The Emerson winners are poets Aaron Krol, MFA ’13, and Brionne Janae, MFA ’15, and nonfiction writer Caitlin McGill, MFA ’15. Krol and Janae were nominated by Professor John Skoyles; McGill was nominated by Senior Writer-in-Residence Richard Hoffman.
The St. Botolph Club Foundation was founded in 1963 to support New England–based artists. Each year, the Foundation gives $3,000 Emerging Artist Grants to writers, musicians, and visual artists who are just starting out in their careers, as well as a Distinguished Artist Award to an established artist who has made great contributions to his or her craft.
Krol got a job as a science reporter shortly after graduating from Emerson, but last summer he got a grant from the Massachusetts Cultural Council and was able to quit his job and concentrate on his poetry. The Emerging Artist Grant should allow him to extend that, he said.
“I’m working on my first book, which I hope I’ll have ready to start shopping [to publishers] before I have to get a full-time job again,” Krol said. “Sometime before the end of the year is the goal.”
His book is tentatively titled The Saints, after one of the poems in the collection. The title poem is about the child of an immigrant family from Eastern Europe who has been visiting the old country and has seen different portrayals of the saints there, he said.
Krol called his time in Emerson’s MFA program the “three best years of my life.”
“I feel like that was the time I got over trying to write the best line all the time and figured out how to write a poem,” he said.
Krol has had poems published in a dozen journals, including 32 Poems and Mississippi Review, and has work forthcoming in Chautauqua, Cimarron Review, Dogwood, and Measure.
Janae is in the early stages of a new collection of poems, which she said will be a bit of a departure from her thesis work, After Jubilee.
“My thesis focused a lot on historical events and juxtaposed my life against those historical events, whereas now I’m writing a lot more about my family and the experiences of my family,” Janae said.

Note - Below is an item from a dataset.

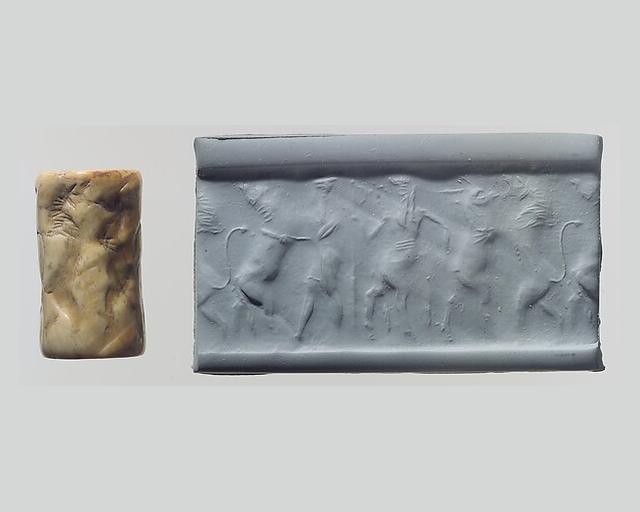 Cylinder seal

Many of the poems in After Jubilee were written in the voice of residents of Slocum, Texas, site of a 1910 massacre of black residents by their white neighbors. But even while working on that collection, Janae said, she began heading in the direction of more personal poems.
“The latter poems I wrote started looking at my family,” she said. “All my grandparents are from the South and migrated to California. It’s a recognition that I’m still very much connected to that history of the Great Migration. It was just time.”

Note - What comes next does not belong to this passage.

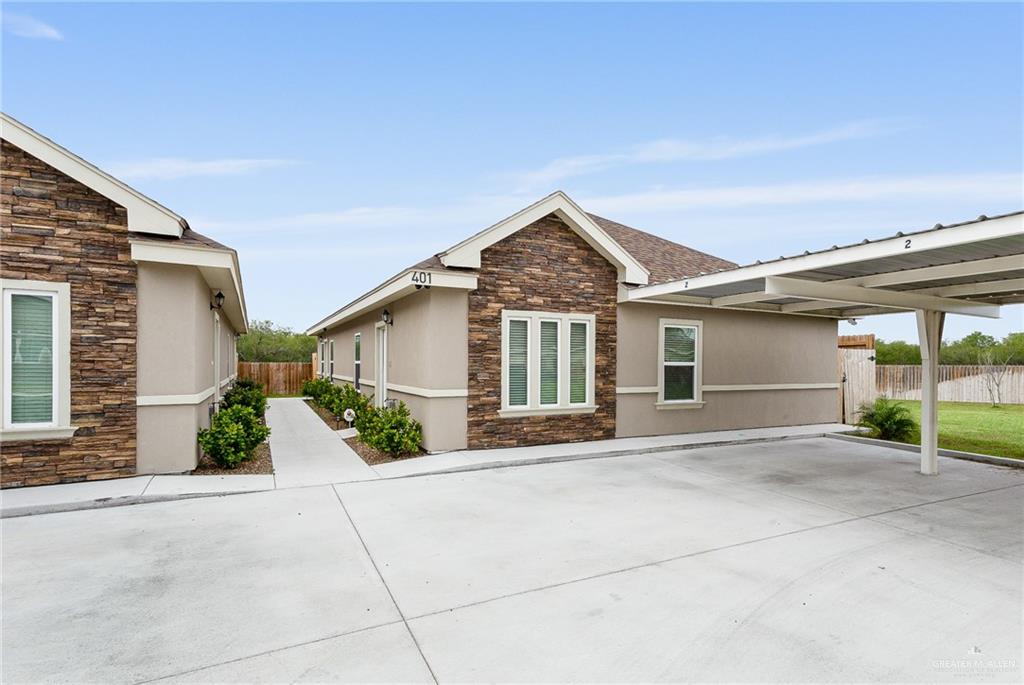 Photo 1 of 401 Peabody Avenue #1, Edinburg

Janae has been or will be published in jubilat, Apogee Journal, The Nashville Review, and Waxwing, among others. She teaches writing and African American literature and advises at Bunker Hill Community College in Charlestown, Massachusetts, but she’ll use her grant money to reduce her teaching load and spend more time on her poems, she said.
“[The grant’s] made me try to be more serious about how I use my time right now, since I know someone has invested in me and I want to get the most out of it,” she said.

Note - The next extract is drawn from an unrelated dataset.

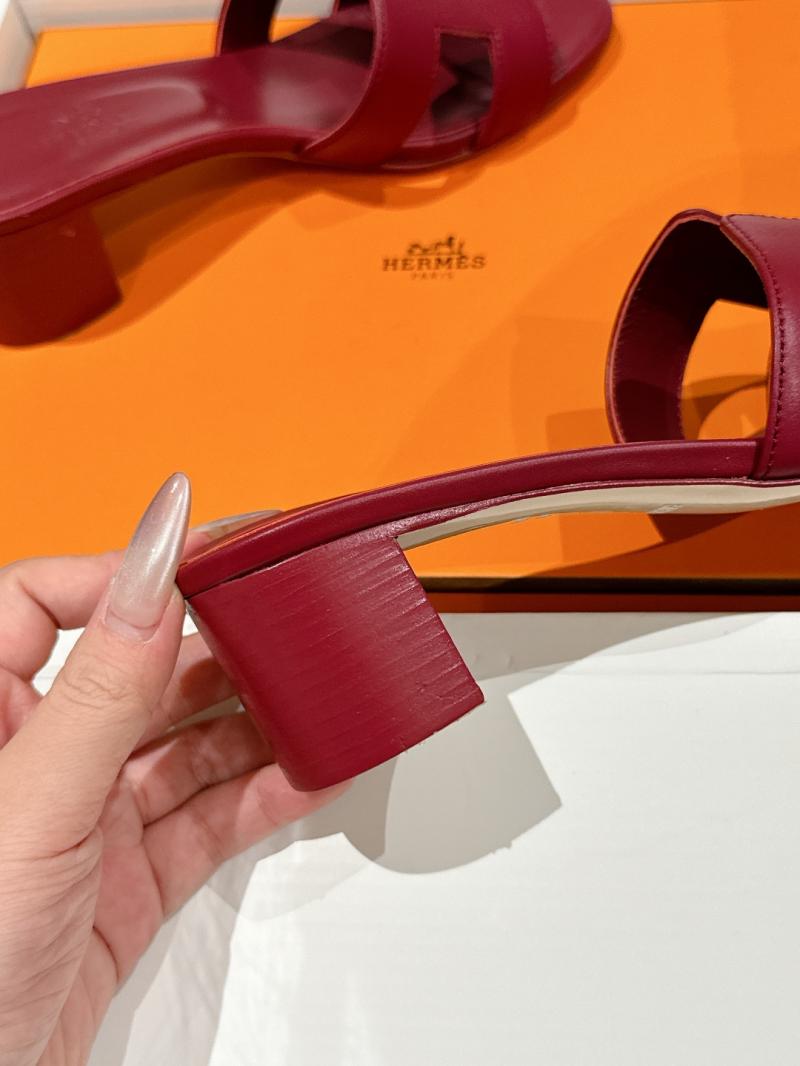Hermes Sandals SHS61504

McGill will use her grant to transform her Emerson thesis into a book. The thesis, Museum of Endangered Sounds, is a collection of essays, many about her family’s heritage, but she said she’s long wondered if it should be a longer narrative.
She said she’s hoping to use her grant money to travel to Eastern Europe and do research, “starting with myself and asking ‘Who am I?’ and looking backward and answering ‘Who [were] they?’” she said. “There are many unanswered questions about my family history, particularly on my mother’s side, which was Jewish, and which I grew up knowing very, very little about.”
McGill said she’s planning to journey to Slovakia and Latvia. She’s still trying to work out how to make her essays work as one story, but she feels like she’s getting there.
“I feel for the first time like maybe I’m writing chapters, but I’m still not sure what the book looks like yet,” she said.
When she’s writing, McGill said she lets her own innate curiosity lead her through the story, which is what she tries to impart to her first-year students at Emerson, where she is an affiliated faculty member, and at MCPHS University.
McGill has been published in Crab Orchard Review, Southeast Review, and Iron Horse Review, among others, and was the winner of the 2014 Rafael Torch Nonfiction Literary Award.